(BFI) – Le Cameroun va bénéficier un financement de 203,4milliards de Fcfa accordés par la banque africaine de développement (BAD) pour la construction d’un tronçon routier appelés à renforcer les liaisons avec le Congo. L’information figure dans un communiqué publié le 9 mars par l’institution financière panafricaine.
Selon ce document, le conseil d’administration du Groupe de la BAD a approuvé le 18 février 2026, ce prêt destiné à soutenir la première phase du programme de désenclavement et de connectivité des bassins économiques transfrontaliers dans la région de l’Est Cameroun. le financement doit également permettre l’aménagement et le bitumage de la section Ngoura II- Yokadouma, long de 156 kilomètres.

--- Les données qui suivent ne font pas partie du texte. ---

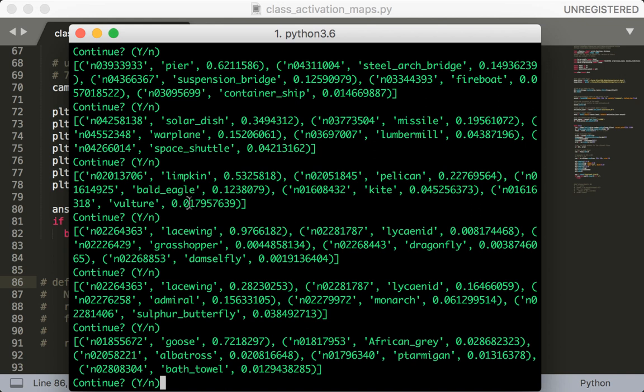All right, so we can see that some of the predictions are definitely wrong. This is to be expected since ResNet has to classify 1000 classes. But if we were to just do, say, 10 classes, this would be a much easier problem. So this is another reason why it might be a good idea to test this out by training on your own smaller dataset.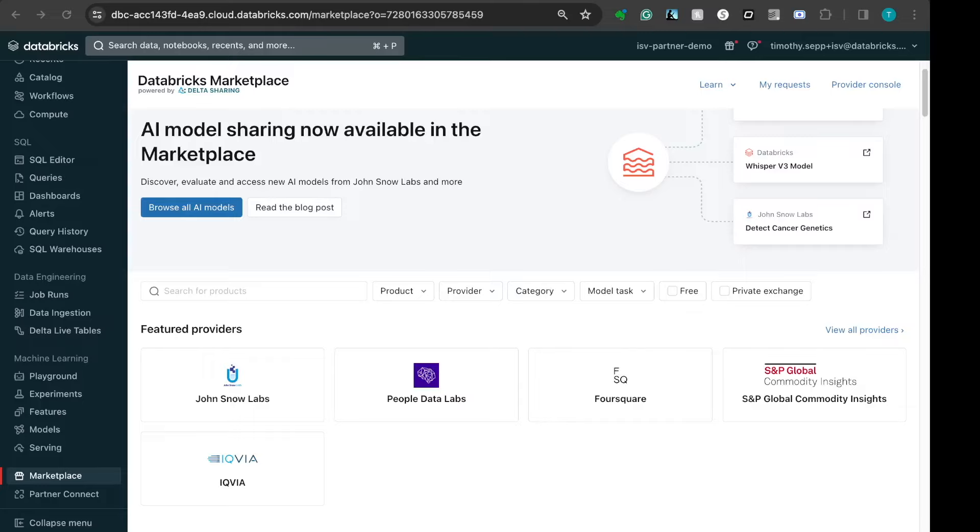To get started, you'll want to navigate to the Marketplace homepage and find the Shutterstock listing with the image sample data.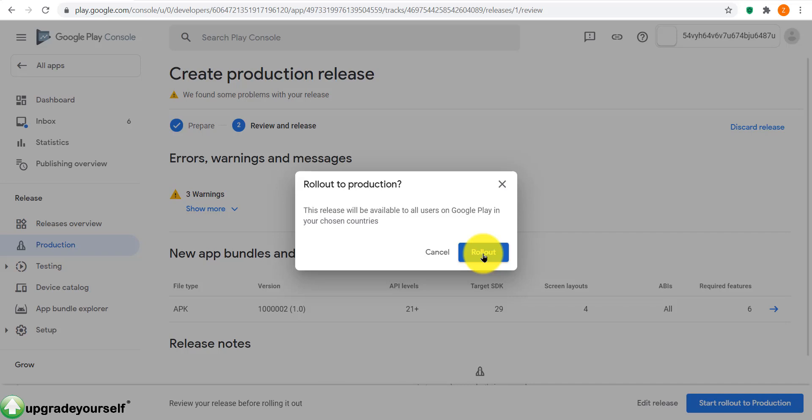Start rollout to production and then you click on rollout and you're done. So this is the quickest way to get your app published on Google Play. Thank you for watching. If you guys like this video, you can feel free to subscribe, leave a comment. I will answer any questions when I have free time.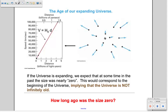Now, if the galaxies are all moving away from us, that means the universe is expanding. At some time in the past they must have been closer together — in fact, at some time in the past their size must have been nearly zero. This would correspond to the beginning of the universe, implying that the universe is not infinitely old.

Ce tronçon constitue l’une des composantes de l’axe routier Bertoua-Batouri-Ngoura II-Yokadouma-Mouloundou, une infrastructure qui s’étend jusqu’à la frontière congolaise. L’amélioration de cet itinéraire doit permettre de renforcer les échanges entre les deux pays et faciliter la circulation des produits agricoles et forestiers provenant de l’Est Cameroun. Dans le communiqué publié par la BAD, Léandre Bassolé, Directeur général de l’institution pour l’Afrique centrale, souligne que le projet s’inscrit dans la stratégie de la banque visant à soutenir la transformation économique dans la sous-région. Il ajoute que le financement de cette route doit améliorer la connectivité de la région orientale du Cameroun et renforcer son insertion dans les corridors commerciaux frontaliers d’Afrique centrale. La banque insiste également sur la situation particulière de la région. Avec une superficie d’environ 109 000 km2, l’Est représente près de 23% du territoire camerounais. Pourtant, selon les données présentées dans le communiqué, la proportion des routes bitumées n’y atteint qu’environ 6,25% tandis que la densité routière est estimée seulement à 0,7km pour 1000 habitants.

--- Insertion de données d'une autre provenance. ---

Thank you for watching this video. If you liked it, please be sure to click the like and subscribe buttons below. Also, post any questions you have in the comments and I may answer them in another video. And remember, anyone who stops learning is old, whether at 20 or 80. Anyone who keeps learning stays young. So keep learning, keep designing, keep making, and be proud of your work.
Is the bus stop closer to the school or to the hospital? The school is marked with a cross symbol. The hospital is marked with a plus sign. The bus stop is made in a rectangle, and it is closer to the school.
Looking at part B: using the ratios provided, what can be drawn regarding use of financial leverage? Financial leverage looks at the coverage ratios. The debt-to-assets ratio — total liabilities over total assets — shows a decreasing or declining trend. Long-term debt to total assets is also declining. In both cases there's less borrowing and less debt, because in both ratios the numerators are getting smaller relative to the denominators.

Pour la BAD, cette faiblesse du réseau constitue l’un des principaux freins au développement économique local. L’institution révèle que l’insuffisance des infrastructures de transport limite la valorisation des ressources agricoles et forestières et freine l’émergence d’activités privées dans cette zone frontalière. La future route doit donc permettre de réduire les coûts de transport et améliorer l’accès des producteurs aux marchés. Les autorités camerounaises et les partenaires financiers anticipent également un effet sur les échanges transfrontaliers avec la République du Congo, la route constituant l’une des voies de circulation reliant les deux pays.

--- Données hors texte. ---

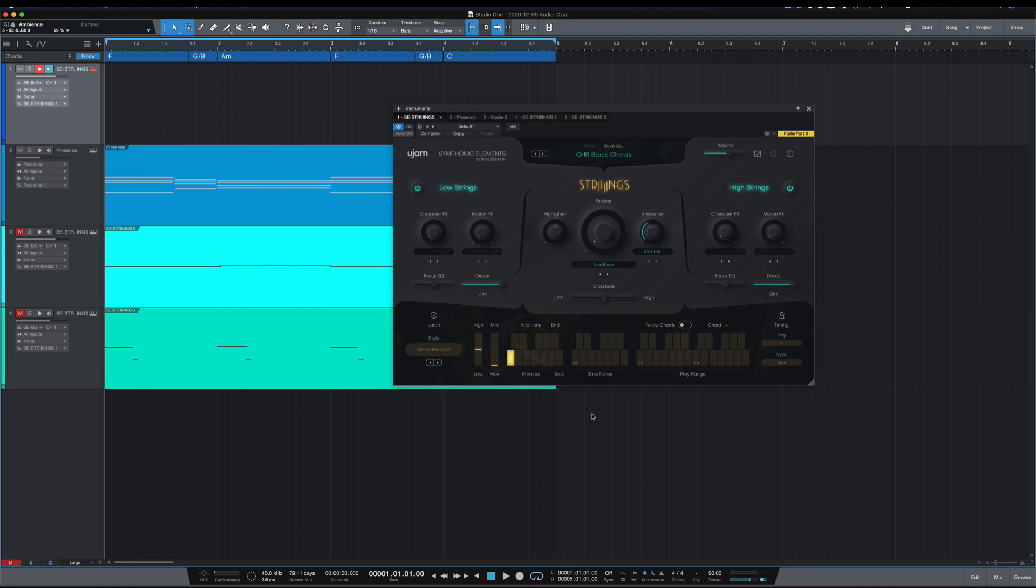What's going on y'all? I want to show you how UJAM Strings integrates with PreSonus Studio One.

La banque panafricaine estime par ailleurs que la mise en œuvre du programme pourrait générer au moins 2500 emplois directs et indirects. Les retombées attendues concernent notamment les jeunes, les femmes et les groupes considérés comme vulnérables, selon les précisions fournies dans le communiqué. Au-delà de ce projet, la BAD demeure l’un des principaux bailleurs du secteur routier camerounais. D’après les informations communiquées par l’institution, son portefeuille actuel dans ce domaine comprend neuf projets actifs représentant un engagement financier total d’environ 780,6 milliards de Fcfa.